Lebih lanjut Rachmi menjelaskan puluhan bab dan ratusan halaman perjanjian FTA yang akan diratifikasi tidak akan mungkin dibahas hanya dalam waktu 60 hari kerja.
Butuh kajian secara seksama.
Karena jika ternyata dalam kajiannya DPR RI menemukan bahwa perjanjian Perdagangan internasional dapat membahayakan kepentingan nasional bahkan bertentangan dengan keadilan sosial, maka DPR RI wajib menolak memberikan persetujuan perjanjian Perdagangan internasional.

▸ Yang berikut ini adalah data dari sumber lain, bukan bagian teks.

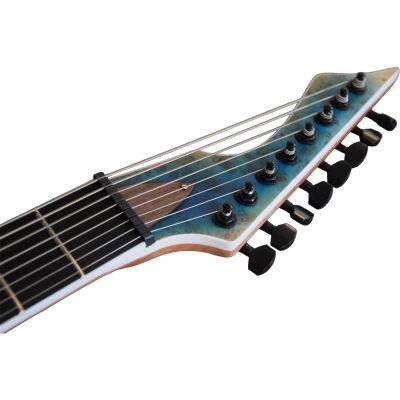 Custom Topaz Black Machine Birdseye Blue Burst Finish 8 String Guitar - Image 7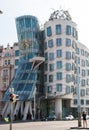 Dancing house in Prague. An unusual shaped office building with a top-floor restaurant and panoramic views
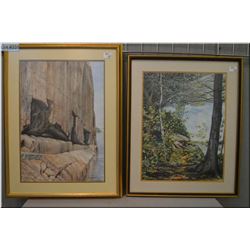 Lot of Two Lg Framed Pictures : Mountain Side by Water after John Westwood - Fall Trees after John W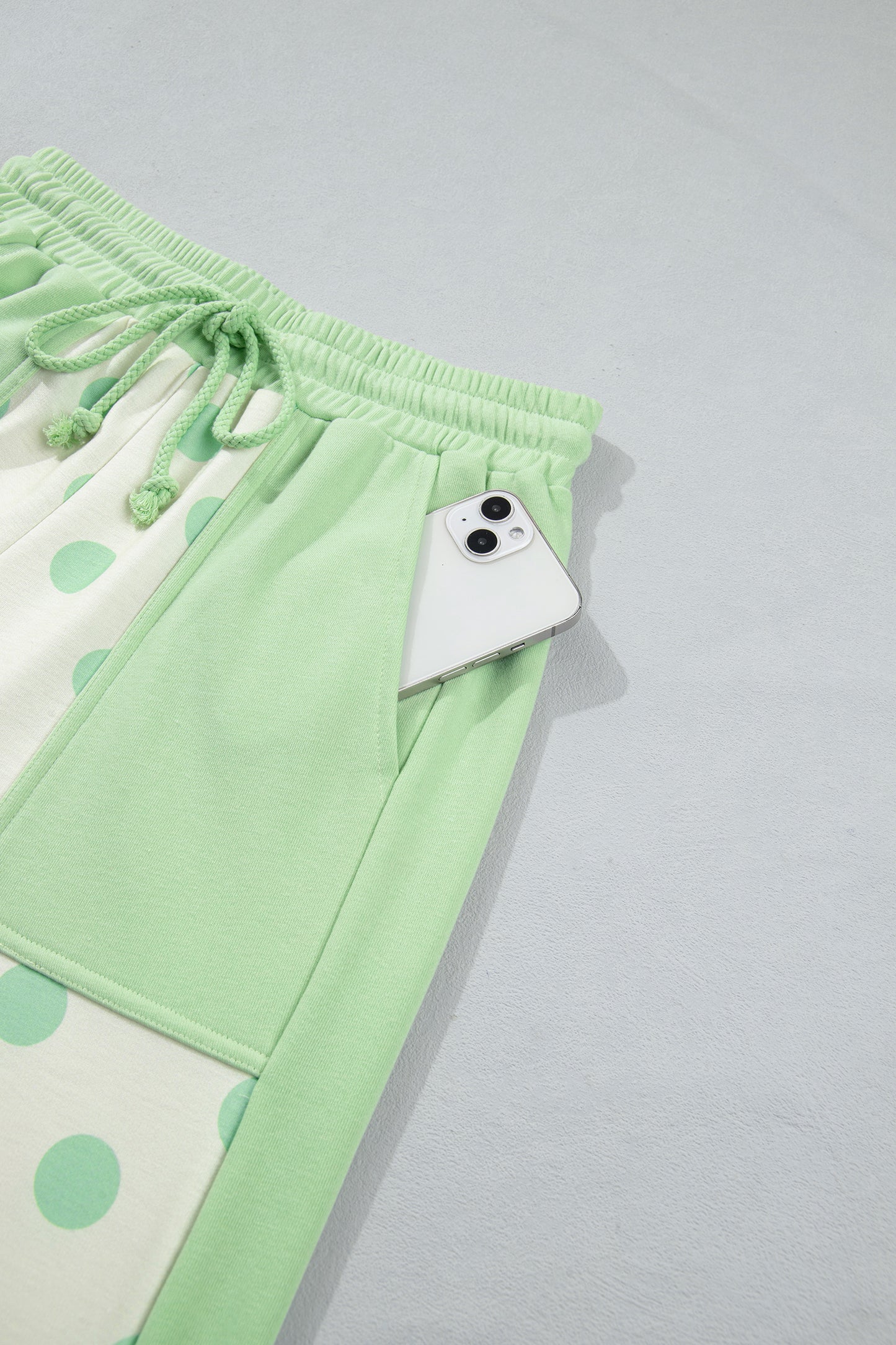 Color Block Patchwork Polka Dot Wide Leg Pant Set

“Hal ini juga telah dikukuhkan dalam Putusan MK No.13/PUU-XVI/2018,” ujarnya.
FTA Berdampak Langsung
Henri Pratama, dari Kesatuan Nelayan Tradisional Indonesia mengungkapkan bahwa FTA bukan hanya persoalan jual beli tetapi juga masalah pengaturan dan tata kelola kenegaraan.
Karenanya, dia mendorong DPR untuk lebih konsern sebagai representasi rakyat dalam sistem demokrasi yang disepakati.